HOW TO COMPLETE THIS TASK -> Reproduce the records exactly. Leave the pictures out.

TASK DATA ->

____________________

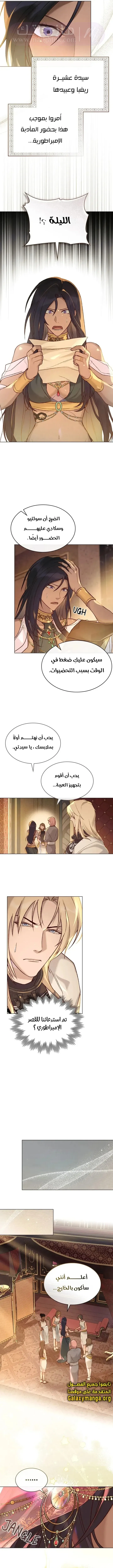 الصفحة 5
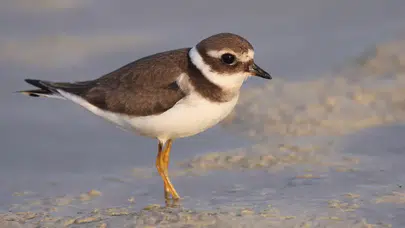 Göçmen Kuşların Uğrak Noktası Türkiye: 2025'te 179 Türden 34 Bin 360 Kuş Halkalandı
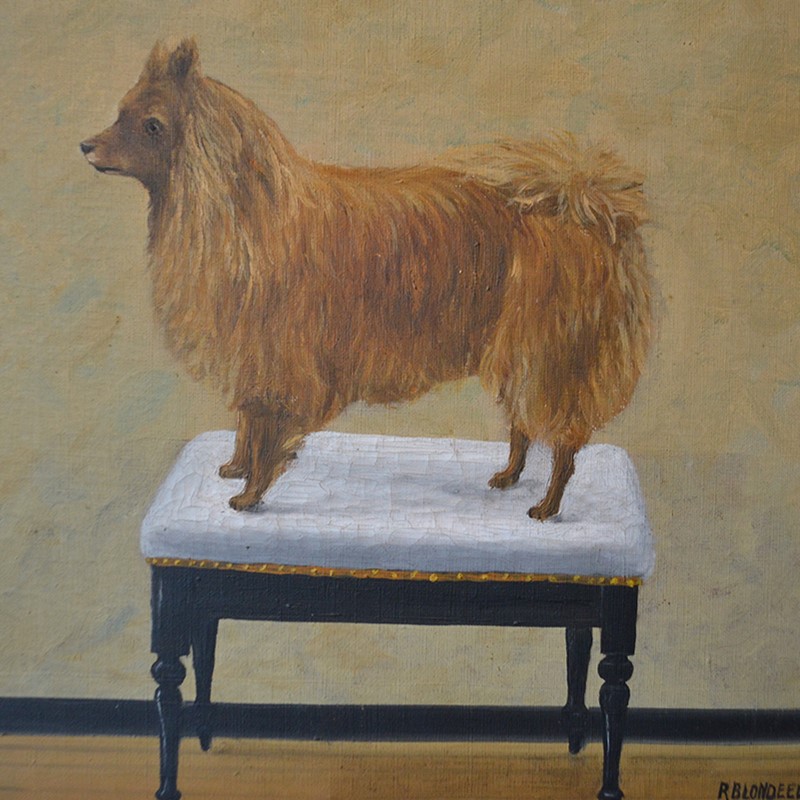 Early 20th Century, Belgian, Naive Dog Portrait-barnstar-naive-dog-4-main-637584121269574945.jpg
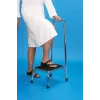 Step with handrail - bath step
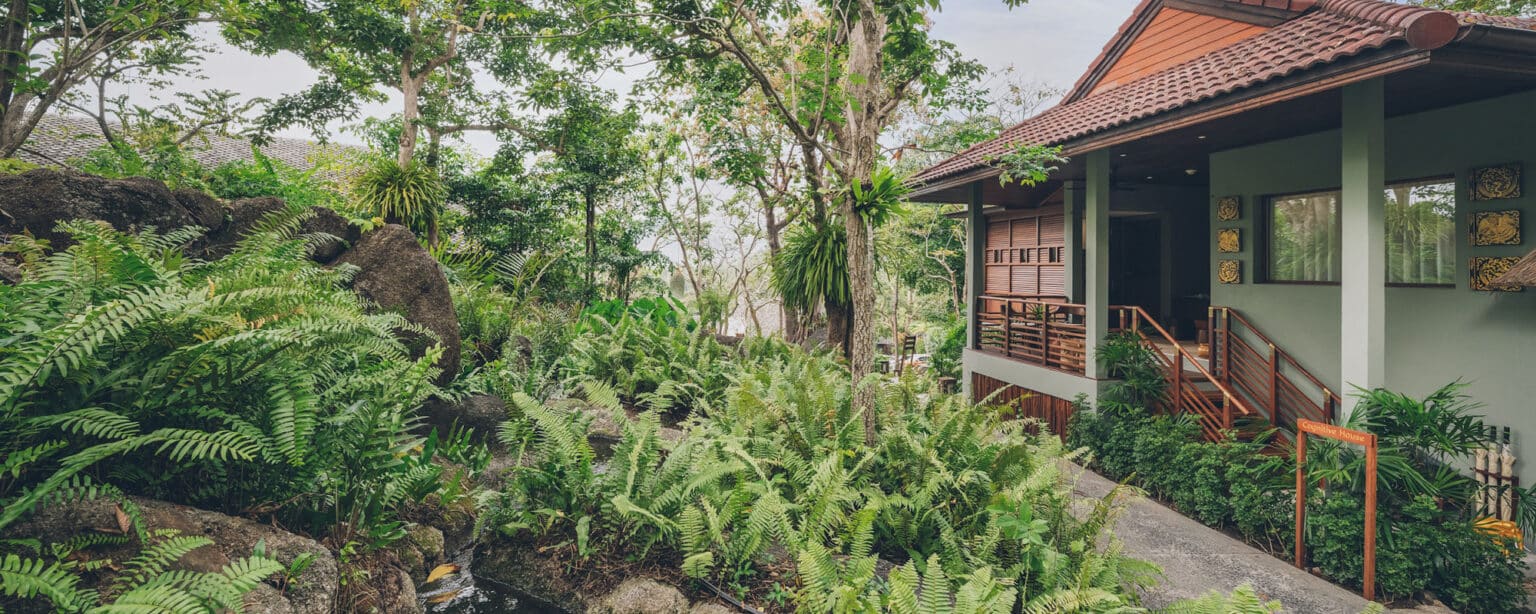 Cognitive Enhancement Meditation with Breathwork | Kamalaya - Home Renovation Ideas For Improved Cognitive Function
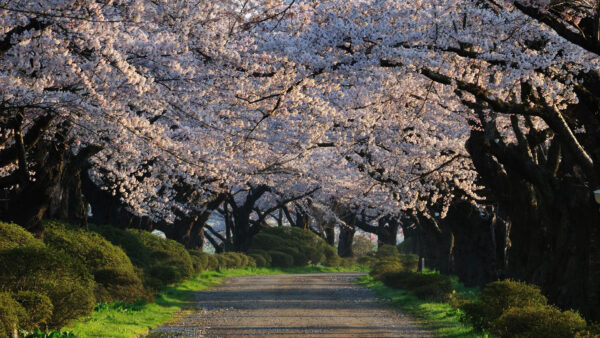 Wallpaper Road, Between, Flowers, Trees, White, Blossom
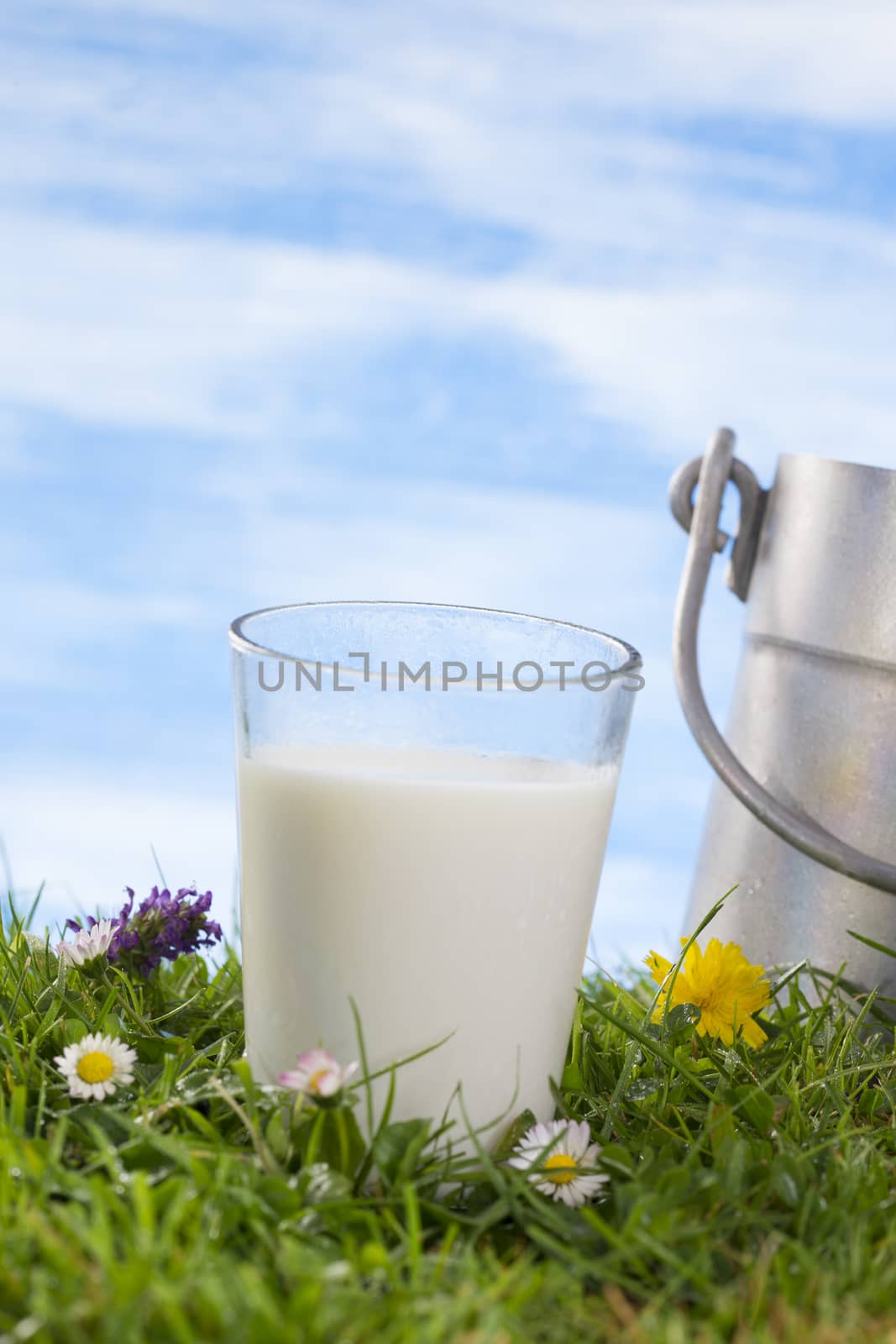 glass of milk and Vintage milk churn  by JPC-PROD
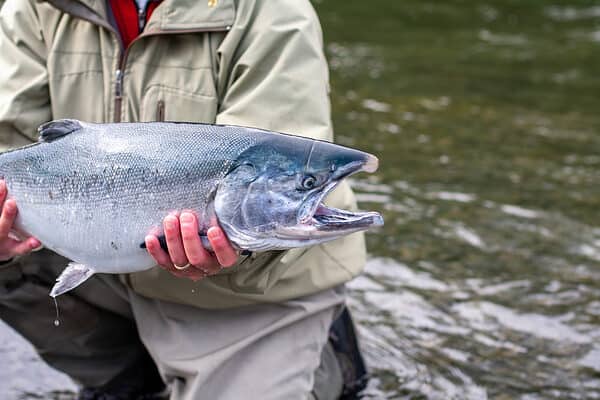 Coho salmon on the Buskin River, Alaska. 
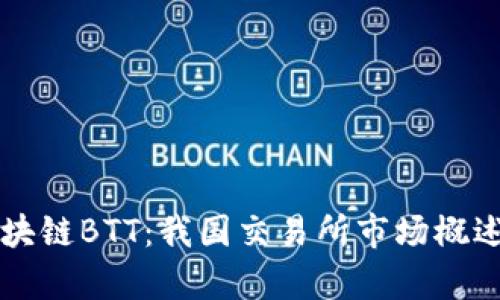 深入了解区块链BTT：我国交易所市场概述与前景分析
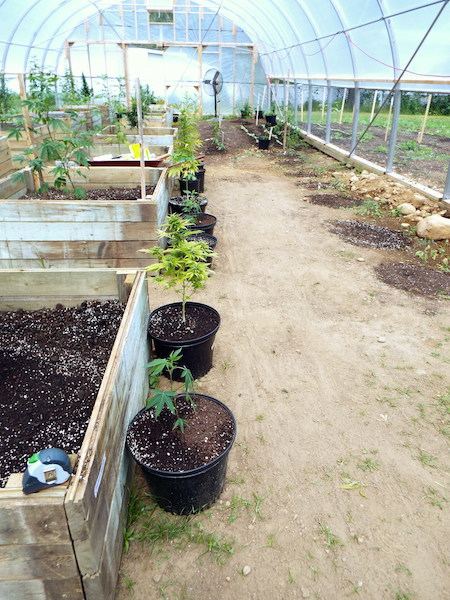 June24 herbs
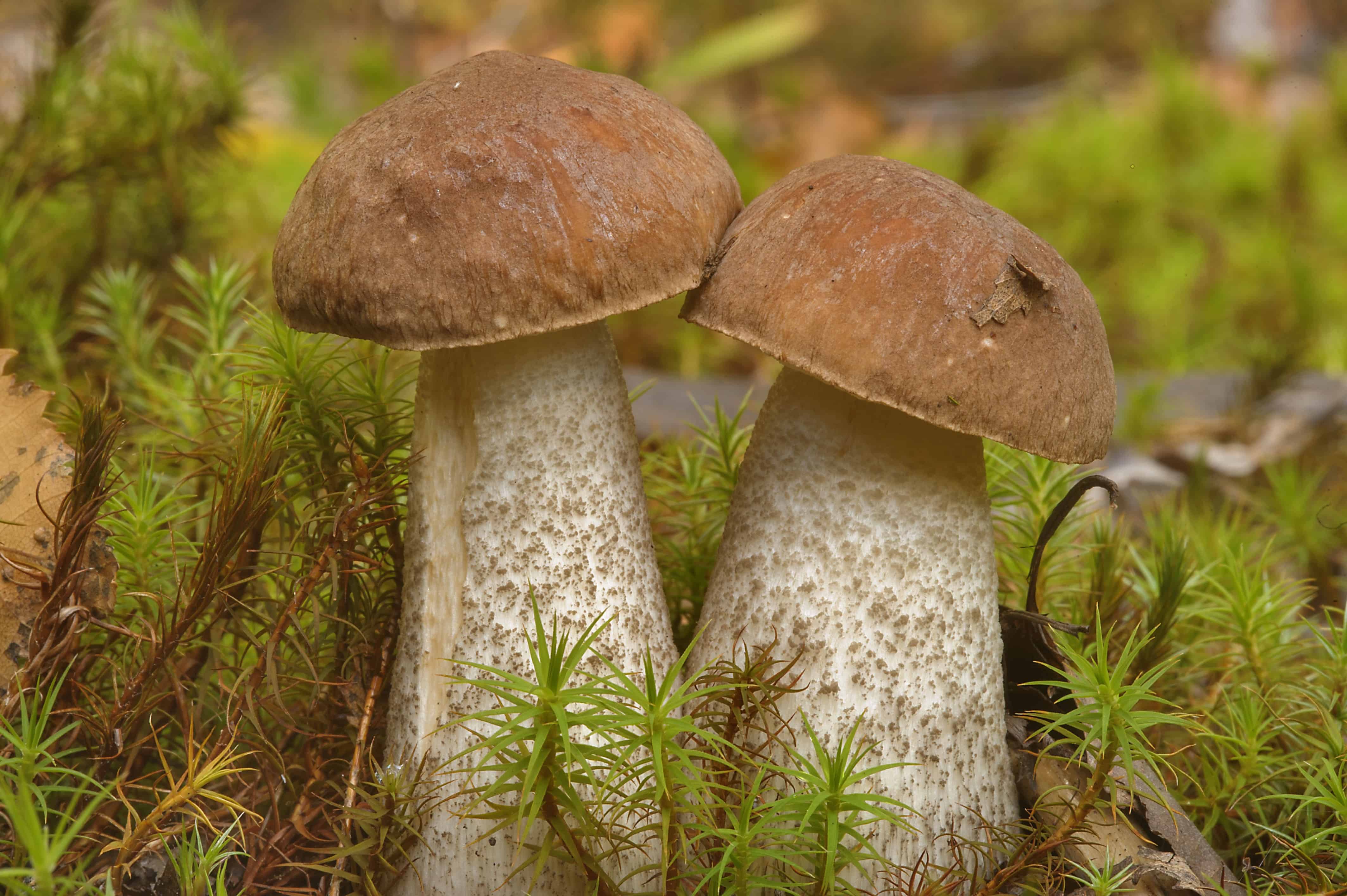 Съедобные грибы: белый, подосиновик, подберезовик. описание, фото, полезные советы!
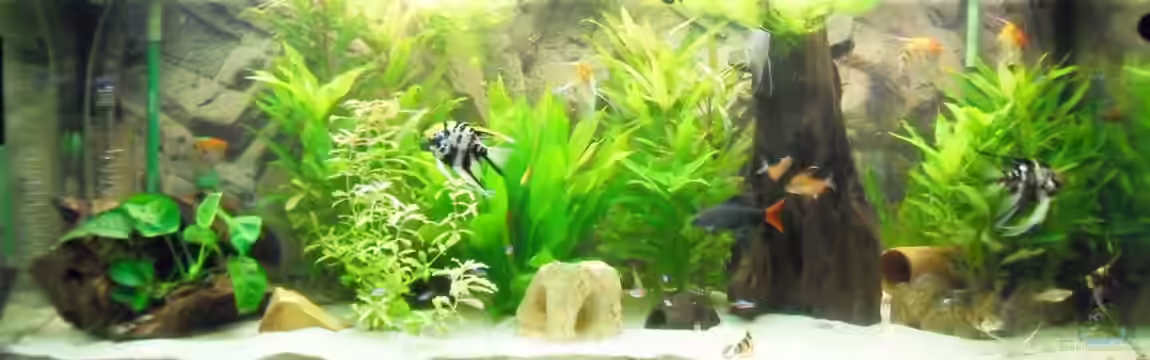 Erstes Aquarium von Aquarianer2001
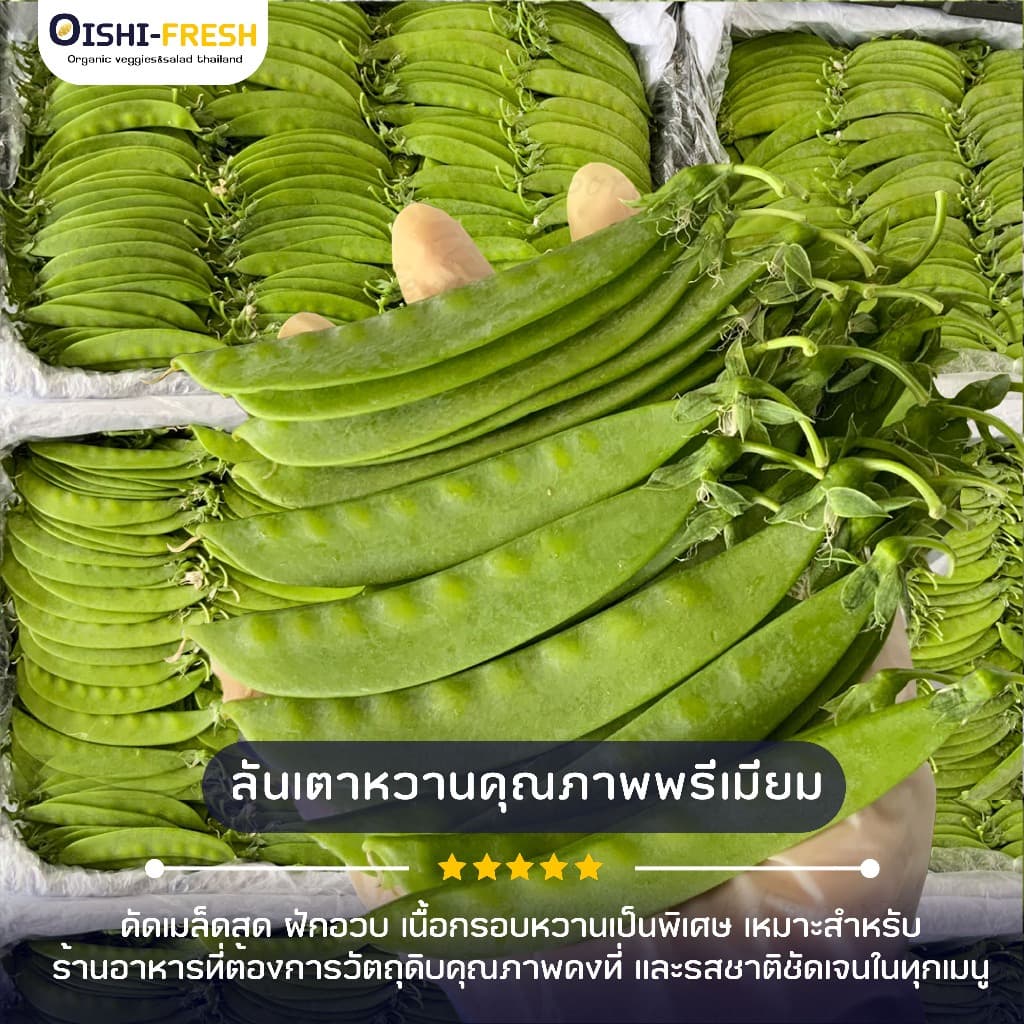 Oishi-Fresh ถั่วลันเตาแบน 1 กก.ปลอดสารพิษ รสชาติกรอบ สด ใหม่ ใยอาหารสูง หวานออร์แกนิค จัดส่ง 24 ชม. รูปที่ 2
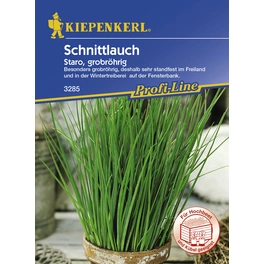Schnittlauch , Allium schoenoprasum, Max. Wuchshöhe: 30 cm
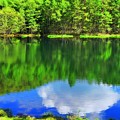 写真: 湖面に浮かぶ新緑と青空と雲
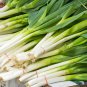 Asian Bunching Onion 5 PCS Seeds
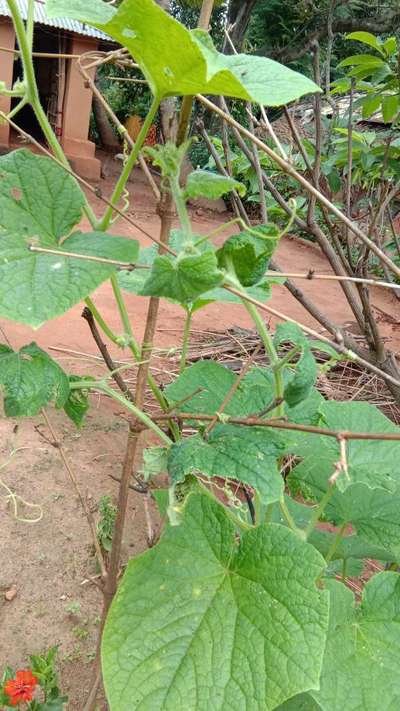 Aphids - Cucumber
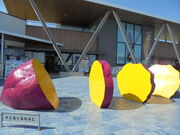 񂳂̓̉w邭 ȂƂ̓eʐ^1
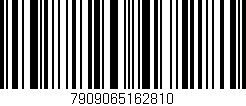 Código de barras (EAN, GTIN, SKU, ISBN): '7909065162810'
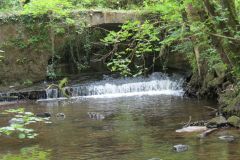 1.-Iron-Mill-stream-10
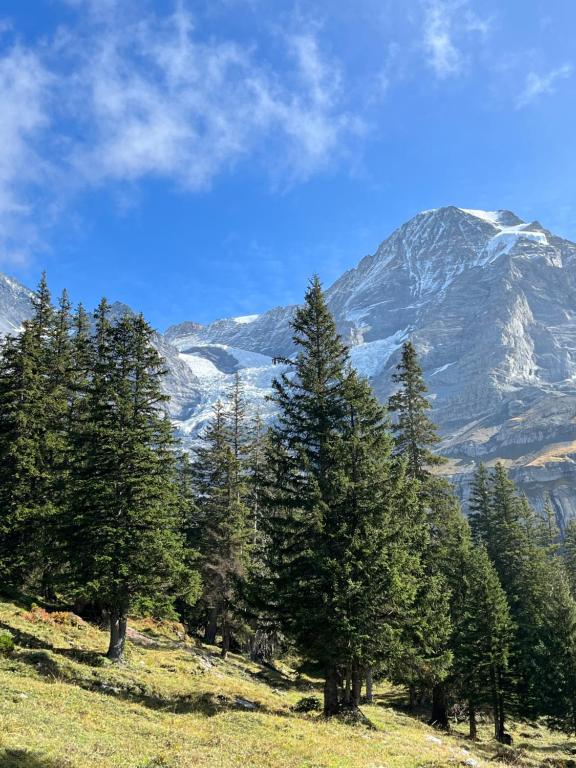 a group of trees on a hill with a snow covered mountain at Chalet Viola in Wengen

____________________

EXERCISE ANSWER ->
 الصفحة 5
 Göçmen Kuşların Uğrak Noktası Türkiye: 2025'te 179 Türden 34 Bin 360 Kuş Halkalandı
 Early 20th Century, Belgian, Naive Dog Portrait-barnstar-naive-dog-4-main-637584121269574945.jpg
 Step with handrail - bath step
 Cognitive Enhancement Meditation with Breathwork | Kamalaya - Home Renovation Ideas For Improved Cognitive Function
 Wallpaper Road, Between, Flowers, Trees, White, Blossom
 glass of milk and Vintage milk churn  by JPC-PROD
 Coho salmon on the Buskin River, Alaska. 
 深入了解区块链BTT：我国交易所市场概述与前景分析
 June24 herbs
 Съедобные грибы: белый, подосиновик, подберезовик. описание, фото, полезные советы!
 Erstes Aquarium von Aquarianer2001
 Oishi-Fresh ถั่วลันเตาแบน 1 กก.ปลอดสารพิษ รสชาติกรอบ สด ใหม่ ใยอาหารสูง หวานออร์แกนิค จัดส่ง 24 ชม. รูปที่ 2
Schnittlauch , Allium schoenoprasum, Max. Wuchshöhe: 30 cm
 写真: 湖面に浮かぶ新緑と青空と雲
 Asian Bunching Onion 5 PCS Seeds
 Aphids - Cucumber
 񂳂̓̉w邭 ȂƂ̓eʐ^1
 Código de barras (EAN, GTIN, SKU, ISBN): '7909065162810'
 1.-Iron-Mill-stream-10
 a group of trees on a hill with a snow covered mountain at Chalet Viola in Wengen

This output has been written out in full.